那西肽高产菌株选育

李依韦 张璐璐 代玉坤

摘要 [目的]选育那西肽高产菌株。[方法]游动放线菌通过紫外诱变与化学诱变，对诱变菌株进行那西肽发酵，测定不同发酵条件下那西肽含量。[结果]对比发酵那西肽产量高低获得1株发酵那西肽高产菌株zLL。zLL菌株在豆粉40 g/L、淀粉酶0.4 g/L、淀粉70 g/L、（NH4）2SO4 1.0 g/L、CaCO3 4 g/L，pH 6.5的优化发酵培养基条件下，那西肽产量最高为1 582.73 μg/mL。与未优化发酵培养基相比，提高了16.65%。[结论]该研究为今后那西肽的大规模发酵生产提供了基础数据。

关键词 那西肽;诱变育种;高产菌株

中图分类号 R978.1文献标识码 A文章编号 0517-6611（2018）33-0080-03

那西肽（nosiheptide）是一类可以从链霉菌中产生的包含多个噻唑环的硫多肽类抗生素，属于具有很强抗菌活性的硫链丝菌类抗生素[1]。链霉菌通过合成抗生素基因分析并表达自身抗性[2]。那西肽是一类非吸收型环保饲料添加剂，具有促进畜禽生长、促进营养吸收、增重增产、没有交叉耐药性、提高饲料利用率，且在动物体内低毒无残留，对环境污染小等优点[3]。那西肽具有促进肝细胞生长、抑制乙肝病毒分泌、抗病毒和抗感染特征[4]。那西肽具有临床药物开发前景，但是由于那西肽水溶性差，因此目前不能应用于临床研究[5]。
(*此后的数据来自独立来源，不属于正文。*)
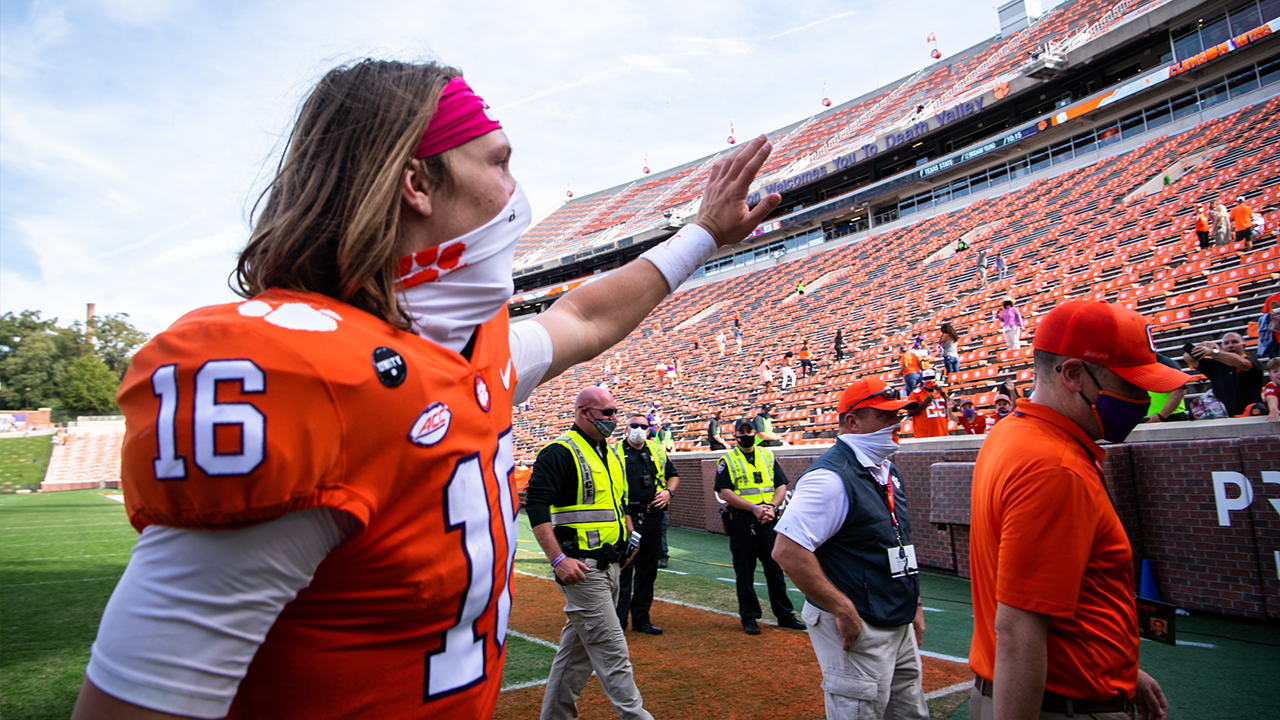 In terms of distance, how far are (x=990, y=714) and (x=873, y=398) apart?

虽然那西肽具有良好的市场经济效益，但是由于菌种性能限制，产量目前不能满足于大规模的工业生产。高产菌株选育一直都是抗生素生产工作重点，诱变育种是高产菌株选育常用方法之一。通常对链霉菌采用NTG、紫外线及NTG-紫外线的联合进行诱变育种获得高产菌株[6]。笔者对分离获得的游动放线菌孢子进行紫外诱变与化学诱变，筛选得到高产菌株，为那西肽生产提供基础资料。

1 材料与方法

1.1 材料

1.1.1 菌种。游动放线菌（内蒙古民族大学生命科学学院微生物生物技术实验室保存）。

1.1.2 培养基。

1.1.2.1 基本培养液。NaCl 0.5 g/L、KNO3 1 g/L、K2HPO4 0.5 g/L、FeSO4 0.01 g/L、可溶性淀粉20 g/L、MgSO4 0.244 g/L，pH 7.3，121 ℃高温灭菌20 min。

1.1.2.2 种子培养基。葡萄糖 30 g/L、玉米浆 20 g/L、黄豆粉 20 g/L、CaCO3 5 g/L、MgSO4·7H2O 0.5 g/L、（NH4）2SO4 3.0 g/L，pH 6.5，115 ℃高温灭菌25 min。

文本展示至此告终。